There were a lot of *drip drip* sounds across London as the snow and ice melted and a lot of *thud thud* as cakes of ice fell off windscreens and windowsills. God answered my prayer and gave me excellent Saturday weather and I shudder just typing that because this is by no means excellent by tropical standards, but trains were running, buses were not skating off the roads, and salons were open, so was EXCELLENT weather today. So next up, Friday and Saturday climate excellence. I will not be greedy and ask for the entire week but I have places to be on both days and I would appreciate if it were not snowing or raining. I never thought I would say this but I can tolerate the cold. I cannot tolerate, however, precipitation of any kind so please...

And in winter fashion updates, female hamsters really amaze me. Here it is, I am dying to get me a pair of sexy high heeled boots but with my rational mind I know these would not work for long walks on the icy pavements, not to mention walking in London in general. I have felt my boot on the edge of many a skid in the past week, witnessed many a fall yesterday, including one gentleman who just sat on the ice and started laughing hysterically - and all in flat, practical snow boots. Why on earth then are the female hamsters in boots that look like these?

I am really beginning to question the character of some of these women. I love looking good but at the expense of my limbs? At the expense of my safety? At the expense of my pride? I say a silent prayer with every foot fall on the ice on my walk home and pray to God I don't go flying down the pavement with a thud. Yet these hamsters are clippity clipping  and treading carefully in non-skid-proof platform and stiletto-heeled boots and shoes. I am really concerned. But then maybe they are more skilled in navigating the ice than I am.

Maybe. I pray that none of them fall in my presence because I am not sure I would be able to stifle the laughter.

Finally, I really hate the garbage bag jackets. You know...the shiny jackets that look like an inflated garbage bag. And worse, they're quilted. The ones like these...

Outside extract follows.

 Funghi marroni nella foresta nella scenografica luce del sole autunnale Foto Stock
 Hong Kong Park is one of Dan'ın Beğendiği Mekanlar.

The really scary part is when larger women wear them. I am not a matchstick myself and I will NEVER wear a jacket like this. But ladies, in general, this jacket should be worn in maybe a brown or white, but not garbage bag black or blue, and certainly, if you're over a certain size, you really should avoid these jackets because then you look a bit this.

The Michelin Man

I am seeing more and more of this jacket around London and I am not sure if they are trendy, expensive or just on sale, but God...please let the madness stop.